Geçtiğimiz hafta bir nikah turizmi yaptım. Altı gün arayla evlenen çok sevdiğim iki arkadaşımın nikahı için Ankara'daydım. Bir nikahtan bir nikaha beklerken de Ankara'nın tadını çıkardım demek isterdim ama Ankara'da afakanlar bastı ne yalan söyleyeyim. Pek bir kapalıydı hava. Arkadaşlar olmasa hiç çekilir gibi değildi. Neyse bunu bırakalım nikah denilen şu olaydan bahsedelim biraz.
Nikah, iki kişinin evliliklerini belgeleyen yasal işlem kısaca. Dolayısıyla bu yasal işlem için evlenmek isteyen iki kişi, iki şahit, bir de nikah memuru yeterli. Ancak nikahlar sizin de bildiğiniz üzere bir sürü davetlinin de gözü önünde kıyılır. Sahi nikah neden "kıyılır"? (etimologlar bir el atıverin şuna) Nikah kelimesi Farsça kökenliymiş, anlamı da "birine bakma, gözetme, bakımını üstlenme" imiş. Demek ki o yüzden erkekler kadınları nikahlarına alıyorlar. Şükür ki benim iki arkadaşımın da gözetilmesine, bakımlarının üstlenilmesine ihtiyaçları yok. İşte bu kamuya açık nikahla nevi ailelerin, akrabaların, konu komşunun, arkadaşların da gözleriyle şahit olmaları sağlanır böylelikle. Ancak biz buna mutluluğun paylaşılması diyelim ki anlamındaki bu soğukluktan kurtaralım.

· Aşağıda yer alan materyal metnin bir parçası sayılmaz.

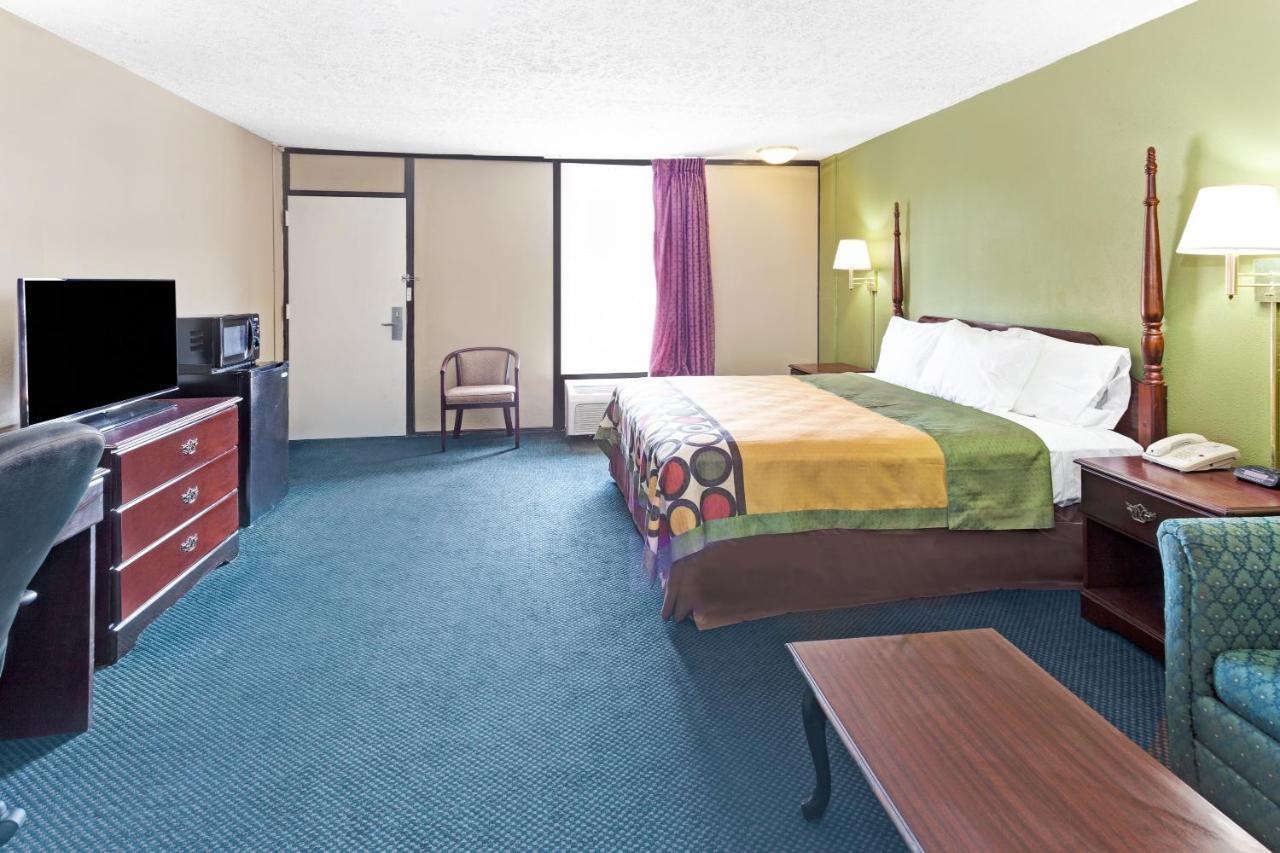 Super Inn & Suites 卡罗尔顿 外观 照片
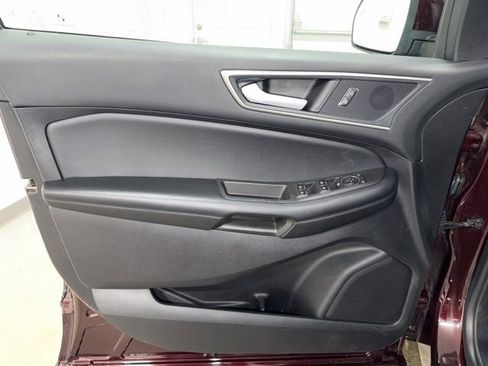 Used 2022 Ford Edge SEL w/ Convenience Package image 10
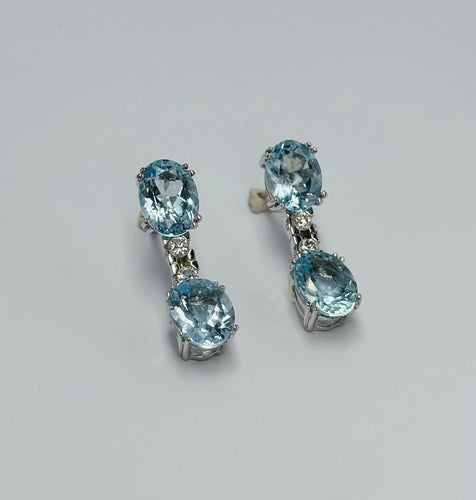 Boucles d'oreilles Boucles d'oreilles contemporaines en or blanc serties d'aigues-marines de 6,05 ct et de diamants de 0,20 ct 58 Facettes Q251B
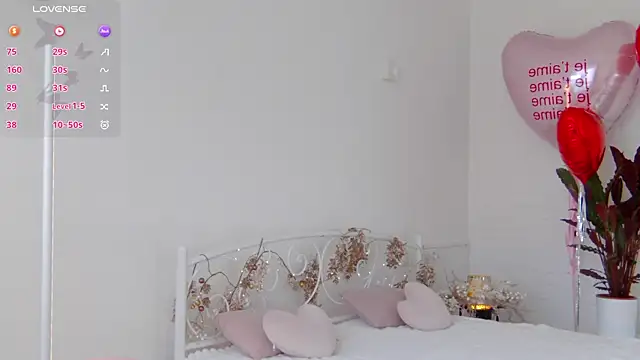 Snapshot of GiKarerra chatting on February 12, 2025, 7:02 am GiKarerra online show from February 12, 2025, 7:02 am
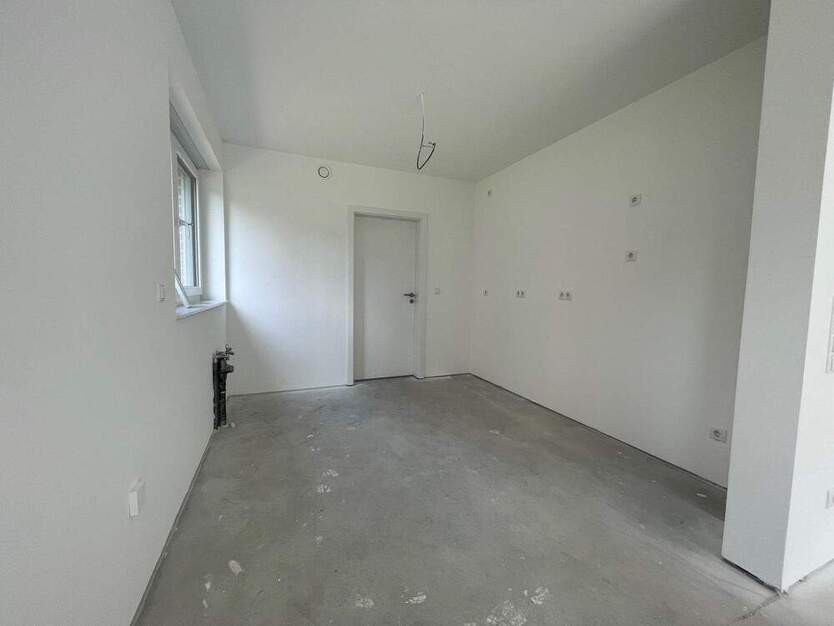 Neubau hochwertiges A+ Rotklinker-Effizienzhaus 40 in bester Villenlage.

Nikahlar çok soğuk, çok resmi ve çok yapay gelmiştir hep bana. Yasal işlem olduğu içindir gerçi. Ben tapu dairesini yada noteri de pek sevmem. O yüzden ben nikah kutsaması kısmından çok kutlama kısımlarını severim bu evliliklerin, yani düğün dernek faslını. İki nikah sonunda da düğün dernek yoktu (teoride). Birisinde nikah sonrası kokteyl, diğerinde ise arkadaşların toplandığı bir eğlence. E tabi ki ikisinin de kendilerine verilen adlardan sıyrılıp düğün'e dönüşüvermeleri uzun sürmedi. Ankara havasının havası işte. Onlar muratlarına erdiler biz de yedik, içtik, döktürdük, eğlendik.

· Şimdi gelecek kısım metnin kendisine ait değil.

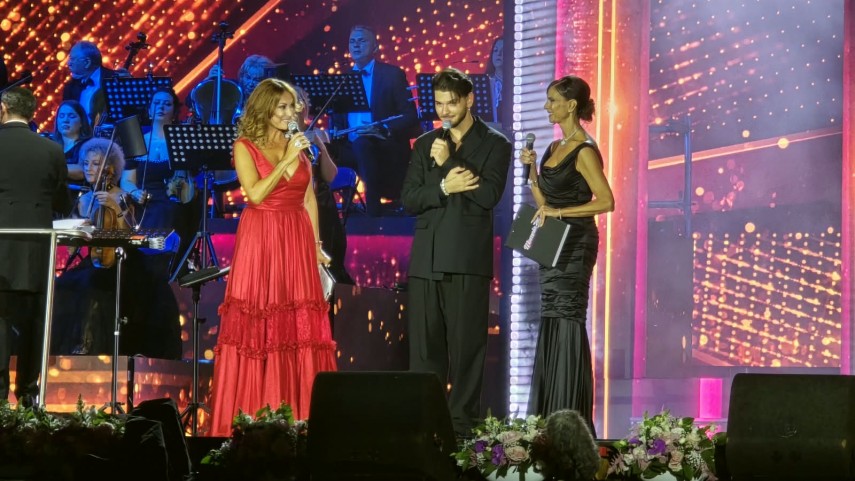 paula seling si alexandru gorgos au castigat marele trofeu al festivalului national de muzica usoara paula seling si alexandru gorgos au castigat marele trofeu al festivalului national de muzica usoara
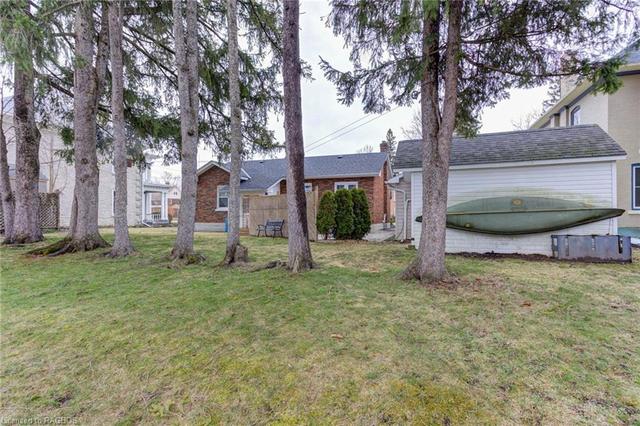 270 Lambton Street E, House detached with 3 bedrooms, 2 bathrooms and 5 parking in West Grey ON | Image 33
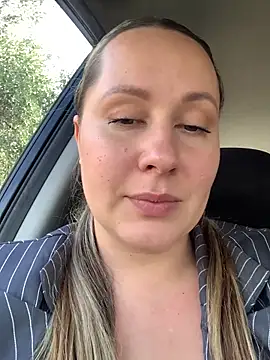 Mona_Plus live sex cam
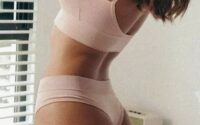 Denizli escort atletik ve fit vücut hatları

Ankara'nın meşhur Vedat Dolakay Nikah salonundan da bahsetmeden geçmeyeceğim. Nikah salonu değil mubarek nikah fabrikası. Öyle ki nikah biter bitmez güvenlik görevlisi bir çoban edasıyla sürüyü küçücük kapıdan hızlıca geçiriveriyor. İnsanların arkasından da bağırıyor: Bekleme yapmayın! İşte bu nikah fabrikasının girişinde öyle bir yazı var ki görülmeye değer: AŞKIN, SEVGİYE, ARKADAŞLIĞA, DOSTLUĞA DÖNÜŞTÜĞÜ YER. Buna ben yorum yapmayayım, sizin hayal gücünüze bırakayım.

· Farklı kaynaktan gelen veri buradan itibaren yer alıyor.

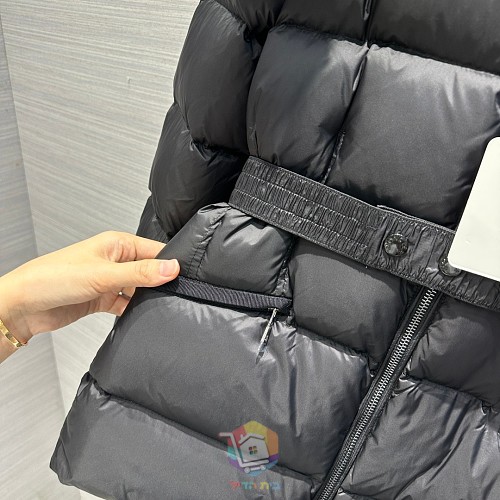 מעיל פוך קצר Moncler Boed עם חגורה וקפוצ'ון בשוליים פרוותיים, לבן או שחור, תמונה 12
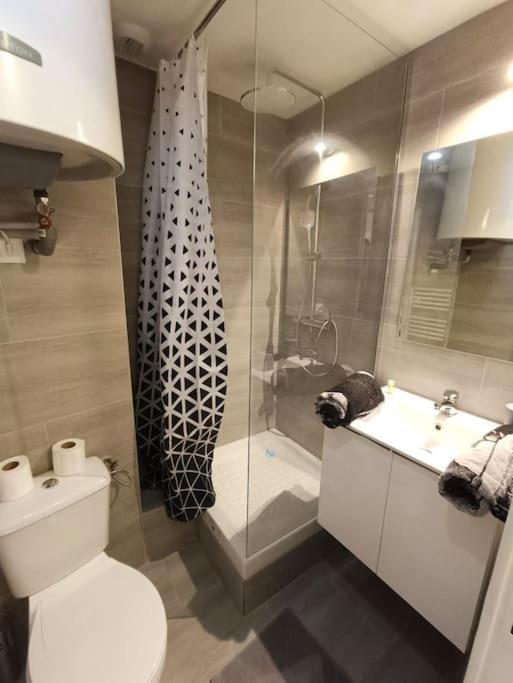Appartement Tout Equipe 2 A 4 Couchages St Charles Marseille Exteriör bild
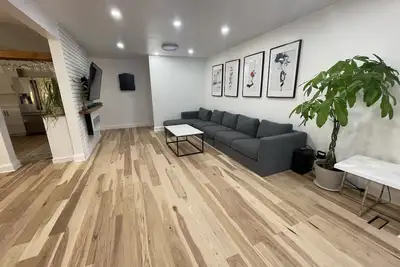 Image de 2 Bedroom, 1 bath home in Ottawa, Riverside Park South, Parking Included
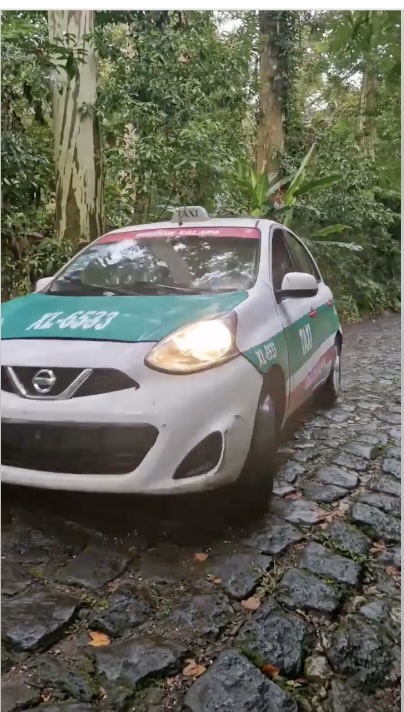 Ciudadana denuncia agresión de taxista en Xalapa; unidad no portaba placas y aumentó tarifa acordada
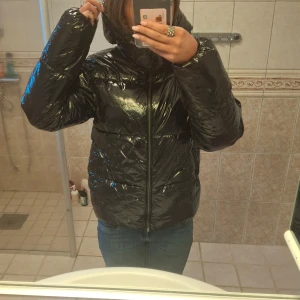 Pufferjacka från Nelly - Jag säljer en pufferjacka från Nelly. Den är bra i storleken och varm. En ny jacka på nellys hemsida kostar 799 kronor. Använd endast en gång. 💞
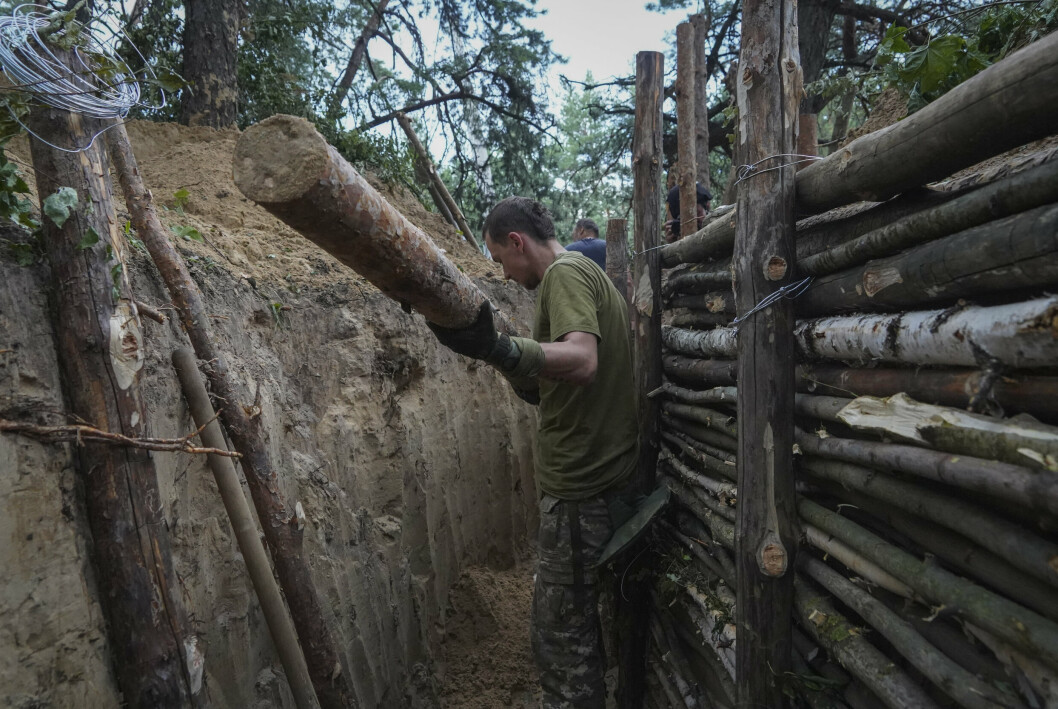 FORSTERKER: En ukrainsk soldat arbeider med å forsterke veggene i en skyttergrav nær frontlinjen i Kharkiv-regionen. Bildet er datert tirsdag 5. juli.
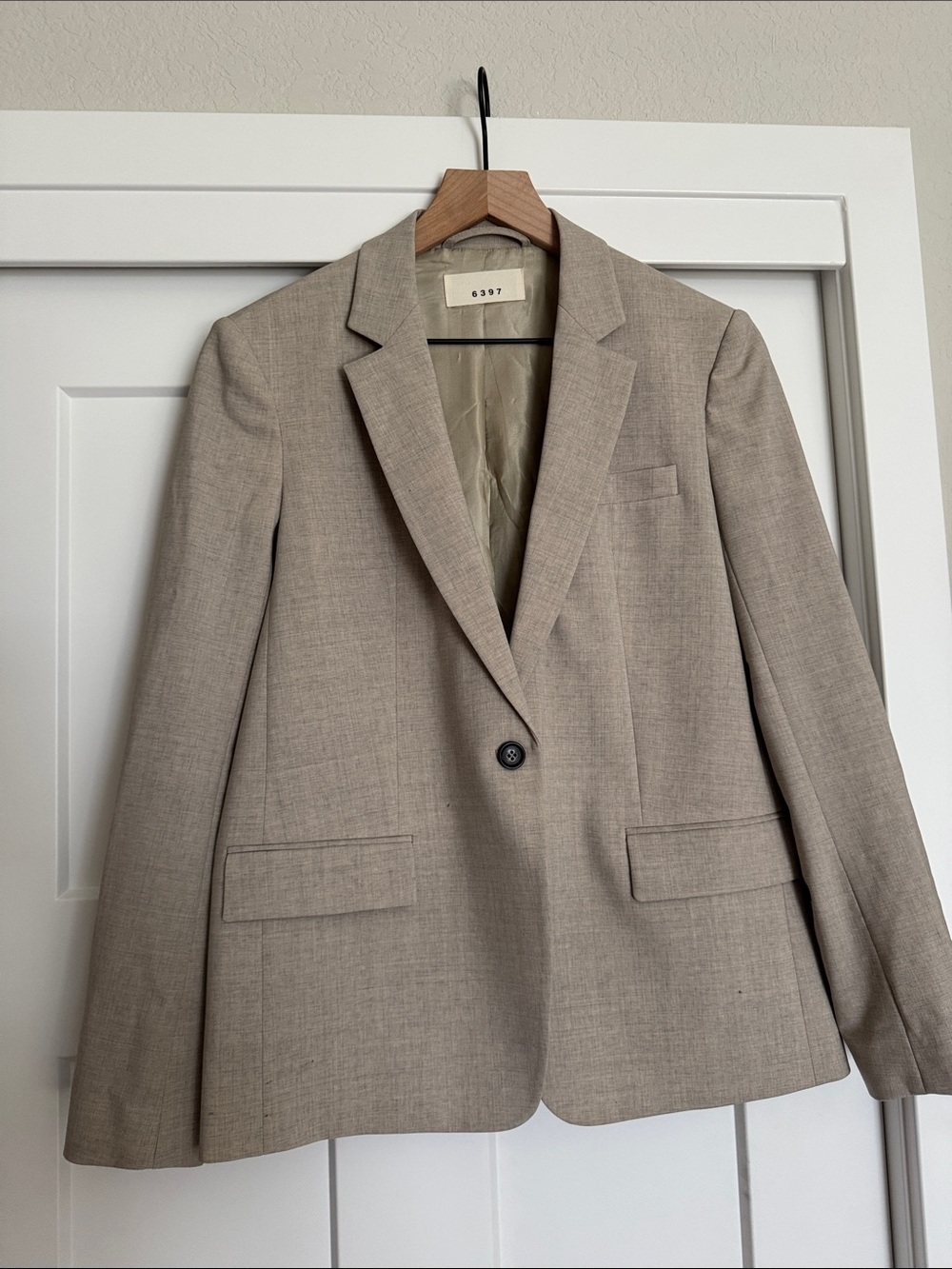 6397  Beige Single-Button Blazer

Hımm bu arada TDK dedi ki, Nikah, bir erkek ve bir kadının evlilik birliğini kurmalarını sağlayan yasal işlemdir. Bildiğim kadarıyla Medeni Kanun'da böyle tanımlıyor evliliği. Dil kurumu ve kanun el ele vermiş, biz sadece heteroseksüel çiftlerin haklarını korur ve onların yükümlülüklerini düzenleriz, diyor. Gün olur, devran döner, sözlüklerinizi de değiştirirsiniz, kanunlarınızı da. Demedi demeyin yani. Amaaaa ben o nikah fabrikasında aşkımı arkadaşlığa dönüştürmeye hiç meraklı değilim. Vedat Dolakay'ı kınıyorum bu tutumundan dolayı.
Bir de benim nikah kostümüm var tabi ki. Kim bilir, bir gün sizin nikahınıza da çıkıp geliveririm nikah kostümümle. Krem rengi pantolon, lacivert ya da beyaz gömlek, kahverengi ceket ve kahverengi ayakkabılı birisini görürseniz nikahınızda, bilin ki o benim.